Kuratowski's theorem:
Statement 1:
A graph is planar if and only if it does not contain a subgraph that is homeomorphic to K5 or K3,3
Statement 2:
A graph is planar if and only if it contains no subdivision of K5 or K3,3
Both statements are equivalent as given in West's book but I have the following doubt
MY DOUBT
By statement 1 and the definition of homemorphism of two graphs, it follows that
A graph is planar iff it does not contain any subgraph whose some subdivision is isomorphic to some subdivision of K5 or K3,3 i.e. it may happen that there is no subgraph which itself is a subdivision of K5 or K3,3 but some vertices can be added to the graph so that it becomes a subdivion of K5 or K3,3. But then it is not the same as Statement 2.
Where am I wrong in my conception or understanding? Please clarify. Thanks for any help.
Best Answer
You are right that the statements "$G$ is homeomorphic to $H$" and "$G$ is isomorphic to a subdivision of $H$" are not equivalent in general, but they are equivalent if $H$ has minimum degree at least $3$.
In that case, suppose we find an isomorphism between a subdivision $G'$ of $G$ and a subdivision $H'$ of $H$. Let $n = |V(H)|$. Then $G'$ and $H'$ must both have $n$ vertices of degree $\ge 3$, corresponding to the vertices of $H$, with some paths between them. All $n$ of these vertices in $G'$ must already have been present in $G$, because they cannot be introduced by subdividing - $G$ just possibly had shorter paths between them, maybe even single edges. Meanwhile, in $H$, all paths present between these $n$ vertices were just single edges, because $H$ has no degree-$2$ vertices. Therefore $G$ is isomorphic to a subdivision of $H$.

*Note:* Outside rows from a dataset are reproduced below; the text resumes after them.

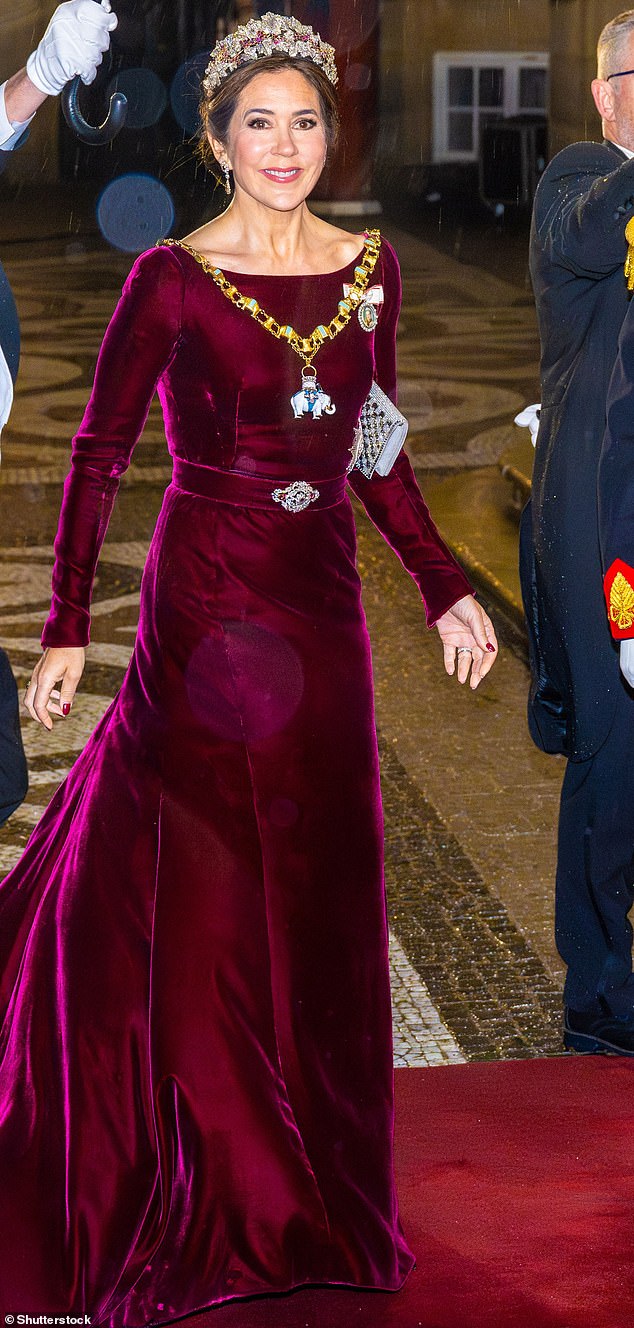 NEW QUEEN: All eyes were on the new queen as she arrived this evening at the annual New Year's dinner at the Palace in Amalienborg, Copenhagen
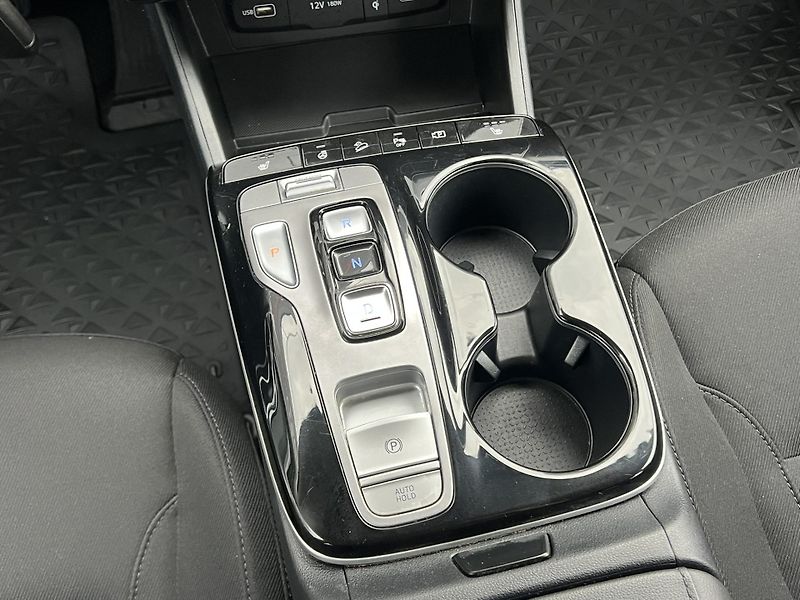 Hyundai Tucson (2022) 1.6T-GDi 132kW AT ČR NOVÉ - fotka 15 z 23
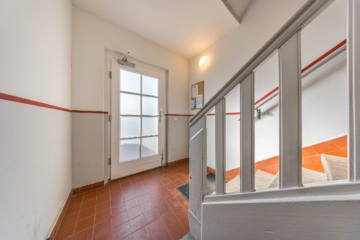 Mehrfamilienhaus | Eingangsbereich mit Treppenaufgang - NEU: Charmantes Mehrfamilienhaus in ruhiger Lage von Gohlis-Süd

In particular, "$G$ is homeomorphic to $K_{5}$ or $K_{3,3}$" and "$G$ is isomorphic to a subdivision of $K_5$ or $K_{3,3}$" are equivalent statements.
A a result, "A graph is planar iff it has no subgraph homeomorphic to $K_5$ or $K_{3,3}$" and "A graph is planar iff it contains no subdivision of $K_5$ or $K_{3,3}$" are equivalent characterizations. Both are saying that a graph is planar iff it has no subgraph $G$ of the type in the previous paragraph.